The fetus in my uterus appears to have masculine reproductive organs. I demanded a recount, of course, but have accepted that I must have chosen to ignore my Bene Gesserit training and bring forth the Kwisatz Haderach.


I had originally dumped all of Roxane Gay’s relevant tweets on the Best Buy incident into this roundup, but then, of course, she wrote very beautifully and horribly about it (and the extraordinary committment of racism apologists to denying the racism of the incident in question), and here it is:

All the while, I was on Twitter because I was so frustrated. I was kind of vague about what I was buying and later this would become a Thing because people are the worst. I was being vague because I was embarrassed to be 39 years old, buying a Play Station. I felt guilty for being so consumeristic. I am struggling with no longer being broke all the time and what that allows me to do. I was also feeling awkward because I only use my Play Station 3 to watch movies and Netflix and play Lumines so the purchase felt extra ridiculous.  (As an aside, this makes my brothers so mad and I like that part.) There’s no fucking conspiracy here. I just didn’t feel like telling the Internet what I was buying.

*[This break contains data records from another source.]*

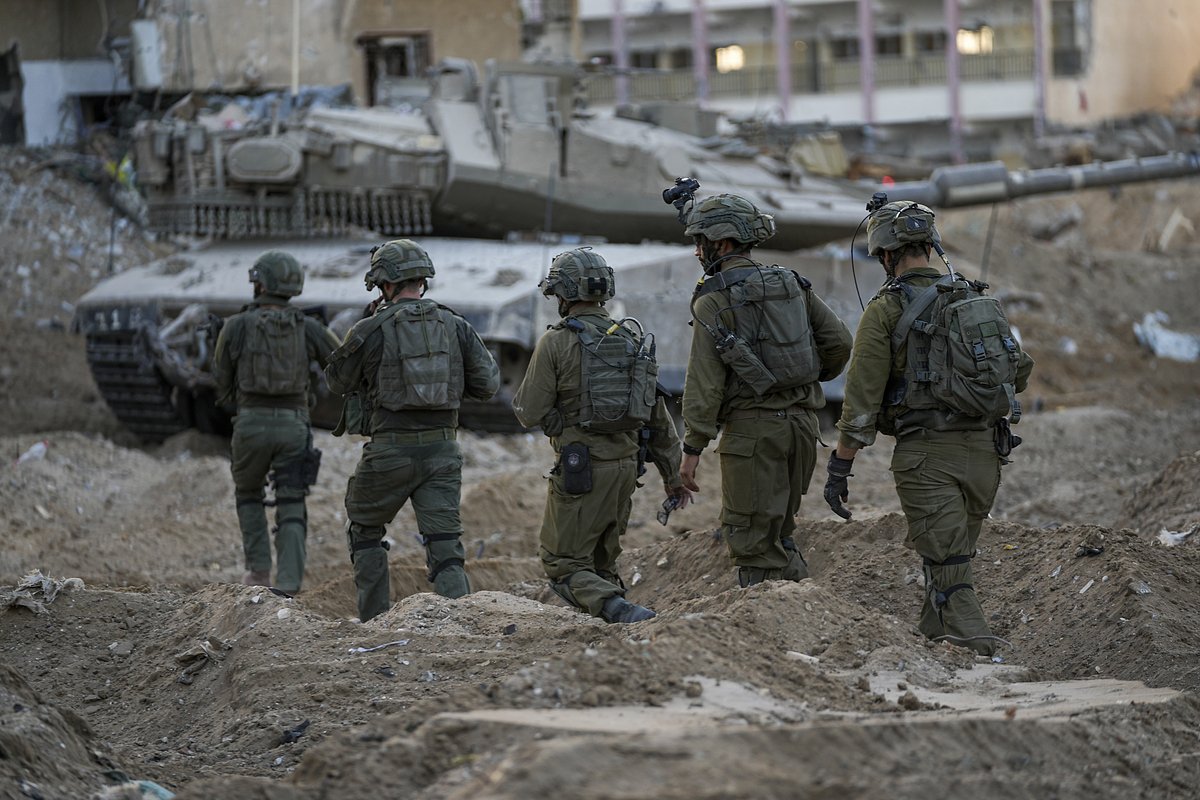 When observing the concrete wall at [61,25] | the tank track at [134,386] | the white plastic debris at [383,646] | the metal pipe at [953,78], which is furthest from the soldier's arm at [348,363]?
the metal pipe at [953,78]

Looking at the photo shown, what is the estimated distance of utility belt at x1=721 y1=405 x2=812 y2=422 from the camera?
628 centimetres

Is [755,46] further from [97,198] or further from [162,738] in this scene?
[162,738]

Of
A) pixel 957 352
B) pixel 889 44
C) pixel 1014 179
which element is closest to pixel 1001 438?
pixel 957 352

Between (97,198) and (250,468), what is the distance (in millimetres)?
12954

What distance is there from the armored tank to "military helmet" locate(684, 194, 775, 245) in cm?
484

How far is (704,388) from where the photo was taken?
20.4ft

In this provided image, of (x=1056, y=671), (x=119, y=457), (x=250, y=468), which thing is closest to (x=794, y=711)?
(x=1056, y=671)

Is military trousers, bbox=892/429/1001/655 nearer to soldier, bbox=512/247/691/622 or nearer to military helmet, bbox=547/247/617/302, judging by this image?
soldier, bbox=512/247/691/622

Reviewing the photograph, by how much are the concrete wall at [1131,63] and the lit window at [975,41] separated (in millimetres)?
2132

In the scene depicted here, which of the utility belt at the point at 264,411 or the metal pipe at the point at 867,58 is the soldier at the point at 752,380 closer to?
the utility belt at the point at 264,411

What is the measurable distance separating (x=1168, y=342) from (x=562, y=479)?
14725mm

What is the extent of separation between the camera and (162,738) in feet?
17.1

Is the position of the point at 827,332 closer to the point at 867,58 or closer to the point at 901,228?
the point at 901,228

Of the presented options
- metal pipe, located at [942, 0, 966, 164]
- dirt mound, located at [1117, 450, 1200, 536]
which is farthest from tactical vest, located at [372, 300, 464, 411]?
metal pipe, located at [942, 0, 966, 164] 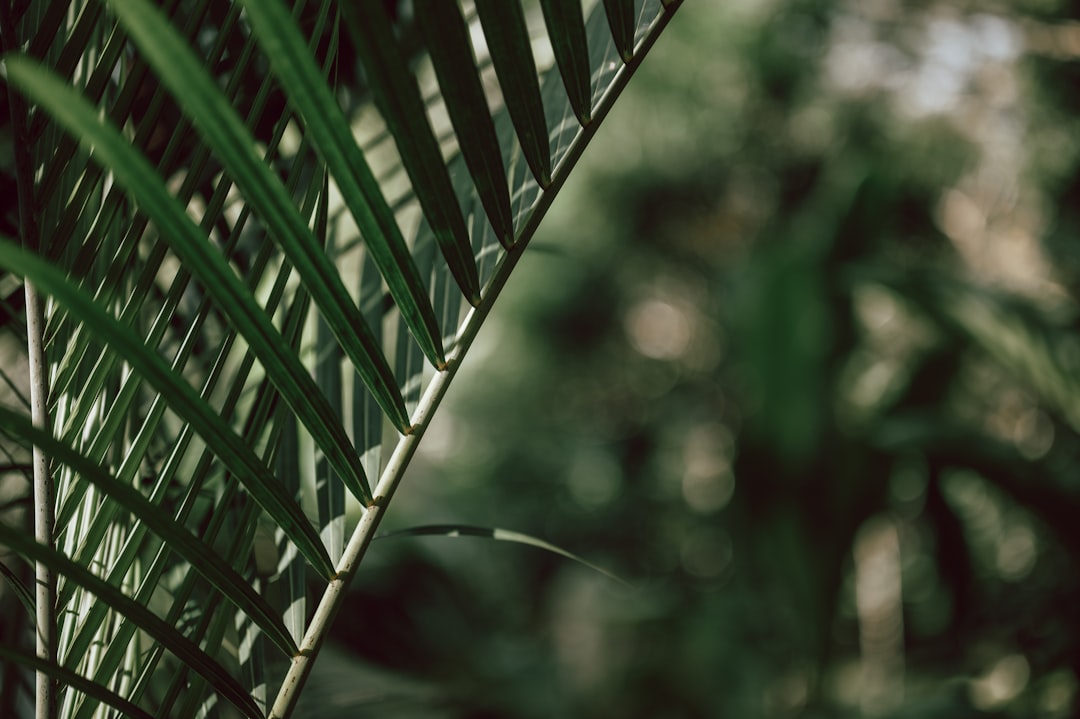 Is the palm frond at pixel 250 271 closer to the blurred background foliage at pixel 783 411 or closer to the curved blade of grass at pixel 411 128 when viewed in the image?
the curved blade of grass at pixel 411 128

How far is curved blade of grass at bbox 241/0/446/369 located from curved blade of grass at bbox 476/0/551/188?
6 centimetres

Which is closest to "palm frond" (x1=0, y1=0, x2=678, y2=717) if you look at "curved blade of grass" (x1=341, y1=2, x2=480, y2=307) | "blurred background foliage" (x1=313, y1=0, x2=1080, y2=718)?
"curved blade of grass" (x1=341, y1=2, x2=480, y2=307)

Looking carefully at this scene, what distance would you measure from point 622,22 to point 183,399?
20 centimetres

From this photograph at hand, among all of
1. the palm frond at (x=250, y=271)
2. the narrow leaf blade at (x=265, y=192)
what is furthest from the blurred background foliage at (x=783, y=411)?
the narrow leaf blade at (x=265, y=192)

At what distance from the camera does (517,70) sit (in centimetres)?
26

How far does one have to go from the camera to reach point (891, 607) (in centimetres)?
250

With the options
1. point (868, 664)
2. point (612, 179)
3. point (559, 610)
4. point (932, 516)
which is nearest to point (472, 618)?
point (559, 610)

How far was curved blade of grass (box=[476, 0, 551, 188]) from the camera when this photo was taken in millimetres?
247

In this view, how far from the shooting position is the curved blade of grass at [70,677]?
21 cm

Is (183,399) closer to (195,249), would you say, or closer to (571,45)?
(195,249)

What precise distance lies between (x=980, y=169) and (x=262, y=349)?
10.5 ft

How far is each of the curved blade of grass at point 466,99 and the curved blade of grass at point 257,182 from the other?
0.19 ft

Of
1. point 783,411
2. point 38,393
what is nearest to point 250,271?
point 38,393

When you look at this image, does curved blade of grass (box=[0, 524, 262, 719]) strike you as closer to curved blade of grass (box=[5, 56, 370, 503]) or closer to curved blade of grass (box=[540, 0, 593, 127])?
curved blade of grass (box=[5, 56, 370, 503]) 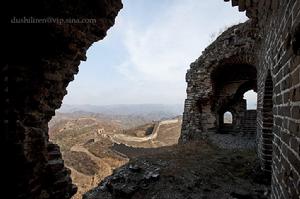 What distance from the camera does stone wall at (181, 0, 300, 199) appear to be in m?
1.99

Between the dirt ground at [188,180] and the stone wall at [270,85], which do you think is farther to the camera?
the dirt ground at [188,180]

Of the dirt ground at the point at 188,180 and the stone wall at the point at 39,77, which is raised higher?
the stone wall at the point at 39,77

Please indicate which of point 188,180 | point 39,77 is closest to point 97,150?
point 188,180

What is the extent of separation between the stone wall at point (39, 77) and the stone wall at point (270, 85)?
2.21 m

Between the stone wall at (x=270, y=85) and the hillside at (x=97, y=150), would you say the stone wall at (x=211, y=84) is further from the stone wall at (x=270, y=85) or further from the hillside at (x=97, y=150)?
the hillside at (x=97, y=150)

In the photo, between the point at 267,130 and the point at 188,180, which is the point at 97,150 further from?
the point at 267,130

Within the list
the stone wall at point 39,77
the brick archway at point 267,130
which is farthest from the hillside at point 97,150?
the stone wall at point 39,77

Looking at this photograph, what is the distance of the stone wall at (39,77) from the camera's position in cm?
296

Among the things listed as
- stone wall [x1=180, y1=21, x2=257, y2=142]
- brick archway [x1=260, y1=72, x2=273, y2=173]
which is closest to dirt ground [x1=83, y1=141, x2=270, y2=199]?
brick archway [x1=260, y1=72, x2=273, y2=173]

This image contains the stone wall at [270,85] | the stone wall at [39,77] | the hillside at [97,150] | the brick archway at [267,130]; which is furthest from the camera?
the hillside at [97,150]

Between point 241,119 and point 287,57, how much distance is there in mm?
12444

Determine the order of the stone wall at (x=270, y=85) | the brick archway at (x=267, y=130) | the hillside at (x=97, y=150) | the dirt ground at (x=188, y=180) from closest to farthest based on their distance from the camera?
the stone wall at (x=270, y=85) < the dirt ground at (x=188, y=180) < the brick archway at (x=267, y=130) < the hillside at (x=97, y=150)

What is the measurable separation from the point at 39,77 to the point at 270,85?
4413 millimetres

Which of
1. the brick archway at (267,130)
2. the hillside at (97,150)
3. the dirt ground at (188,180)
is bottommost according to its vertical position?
the hillside at (97,150) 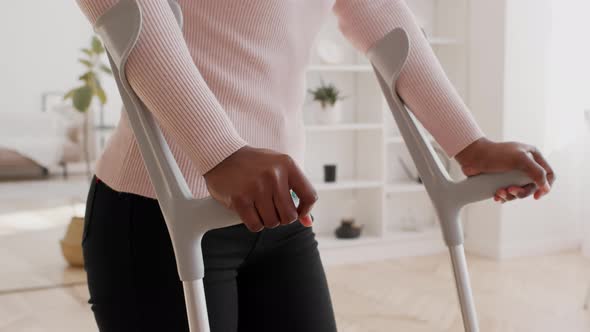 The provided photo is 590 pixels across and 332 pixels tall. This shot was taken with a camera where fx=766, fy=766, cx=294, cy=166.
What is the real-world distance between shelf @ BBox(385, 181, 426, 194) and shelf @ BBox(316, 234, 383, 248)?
27 cm

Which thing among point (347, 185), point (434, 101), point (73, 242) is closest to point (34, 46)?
point (73, 242)

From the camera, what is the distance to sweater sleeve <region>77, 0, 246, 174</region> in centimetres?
69

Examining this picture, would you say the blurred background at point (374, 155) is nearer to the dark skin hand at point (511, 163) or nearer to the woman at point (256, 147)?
the woman at point (256, 147)

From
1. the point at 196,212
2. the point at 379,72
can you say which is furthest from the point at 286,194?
the point at 379,72

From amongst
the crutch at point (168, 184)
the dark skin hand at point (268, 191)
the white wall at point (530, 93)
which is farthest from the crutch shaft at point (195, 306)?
the white wall at point (530, 93)

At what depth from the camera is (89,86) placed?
→ 3.83 metres

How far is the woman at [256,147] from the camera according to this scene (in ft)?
2.88

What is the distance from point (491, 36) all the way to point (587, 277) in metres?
1.35

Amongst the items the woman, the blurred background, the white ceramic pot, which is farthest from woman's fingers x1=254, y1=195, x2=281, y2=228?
the white ceramic pot

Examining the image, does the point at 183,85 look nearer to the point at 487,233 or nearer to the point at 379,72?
the point at 379,72

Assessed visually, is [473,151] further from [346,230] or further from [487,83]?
[487,83]

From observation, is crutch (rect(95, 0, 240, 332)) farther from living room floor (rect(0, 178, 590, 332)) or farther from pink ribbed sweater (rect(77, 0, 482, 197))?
living room floor (rect(0, 178, 590, 332))

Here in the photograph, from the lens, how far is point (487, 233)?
4.23 m

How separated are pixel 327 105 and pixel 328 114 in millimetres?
47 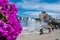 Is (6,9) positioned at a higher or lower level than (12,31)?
higher

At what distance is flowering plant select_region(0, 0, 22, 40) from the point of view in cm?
268

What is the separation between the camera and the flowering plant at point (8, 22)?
8.78 feet

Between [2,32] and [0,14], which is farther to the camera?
[0,14]

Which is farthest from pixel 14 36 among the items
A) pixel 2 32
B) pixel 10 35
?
pixel 2 32

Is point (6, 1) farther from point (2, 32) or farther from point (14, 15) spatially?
point (2, 32)

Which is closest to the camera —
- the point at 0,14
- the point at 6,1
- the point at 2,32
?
the point at 2,32

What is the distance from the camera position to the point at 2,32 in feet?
8.60

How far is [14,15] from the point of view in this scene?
3.03 m

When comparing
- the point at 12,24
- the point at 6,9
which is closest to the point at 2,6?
the point at 6,9

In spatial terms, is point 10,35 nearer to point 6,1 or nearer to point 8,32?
point 8,32

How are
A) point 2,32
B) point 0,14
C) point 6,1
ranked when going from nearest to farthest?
point 2,32 < point 0,14 < point 6,1

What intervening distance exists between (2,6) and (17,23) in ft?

Meanwhile, in the store, the young man kept requesting the salesperson who made my sale on the intercom. This went on for quite some time. He continued to ignore me. During this entire exchange, I don’t think he said a single word to me. It was like I wasn’t even there.
The salesman finally came to the front of the store and verified  I had indeed made this purchase. He pointed to the video game and said, “That is on the receipt,” and the young man said, “I know, but…”
Let me repeat: My receipt was not good enough.